# PROBLEM STATEMENT:
Of the records below, reproduce only the span that opens with the line containing "Hotel Marques Del Valle" and closes with the last line.

THE DATA section start

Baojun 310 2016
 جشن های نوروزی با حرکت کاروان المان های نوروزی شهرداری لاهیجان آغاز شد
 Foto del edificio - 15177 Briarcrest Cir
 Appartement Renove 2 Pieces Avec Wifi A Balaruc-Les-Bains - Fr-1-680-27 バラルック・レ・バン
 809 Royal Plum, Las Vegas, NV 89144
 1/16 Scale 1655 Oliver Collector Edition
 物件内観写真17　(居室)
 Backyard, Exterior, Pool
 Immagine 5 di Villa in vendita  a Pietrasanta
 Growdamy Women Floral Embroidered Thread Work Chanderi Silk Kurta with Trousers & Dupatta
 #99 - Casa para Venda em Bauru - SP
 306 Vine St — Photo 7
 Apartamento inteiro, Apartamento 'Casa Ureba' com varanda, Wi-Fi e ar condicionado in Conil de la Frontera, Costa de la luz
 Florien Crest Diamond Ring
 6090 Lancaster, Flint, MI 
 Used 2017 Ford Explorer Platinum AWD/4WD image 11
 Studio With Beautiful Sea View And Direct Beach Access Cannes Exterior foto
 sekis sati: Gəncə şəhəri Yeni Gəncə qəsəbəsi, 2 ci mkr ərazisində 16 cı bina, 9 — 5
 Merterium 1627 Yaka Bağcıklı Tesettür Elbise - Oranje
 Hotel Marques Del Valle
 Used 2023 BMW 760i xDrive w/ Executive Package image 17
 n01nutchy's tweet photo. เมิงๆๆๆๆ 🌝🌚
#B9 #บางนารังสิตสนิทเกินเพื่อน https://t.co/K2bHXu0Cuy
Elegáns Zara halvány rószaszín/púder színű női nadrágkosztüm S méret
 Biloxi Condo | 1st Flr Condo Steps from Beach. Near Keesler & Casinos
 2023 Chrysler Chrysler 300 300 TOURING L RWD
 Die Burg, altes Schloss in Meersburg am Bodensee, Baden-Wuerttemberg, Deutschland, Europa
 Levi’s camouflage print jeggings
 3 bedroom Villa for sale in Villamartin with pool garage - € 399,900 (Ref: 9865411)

THE DATA section end

# RESPONSE BELOW:
 Hotel Marques Del Valle
 Used 2023 BMW 760i xDrive w/ Executive Package image 17
 n01nutchy's tweet photo. เมิงๆๆๆๆ 🌝🌚
#B9 #บางนารังสิตสนิทเกินเพื่อน https://t.co/K2bHXu0Cuy
Elegáns Zara halvány rószaszín/púder színű női nadrágkosztüm S méret
 Biloxi Condo | 1st Flr Condo Steps from Beach. Near Keesler & Casinos
 2023 Chrysler Chrysler 300 300 TOURING L RWD
 Die Burg, altes Schloss in Meersburg am Bodensee, Baden-Wuerttemberg, Deutschland, Europa
 Levi’s camouflage print jeggings
 3 bedroom Villa for sale in Villamartin with pool garage - € 399,900 (Ref: 9865411)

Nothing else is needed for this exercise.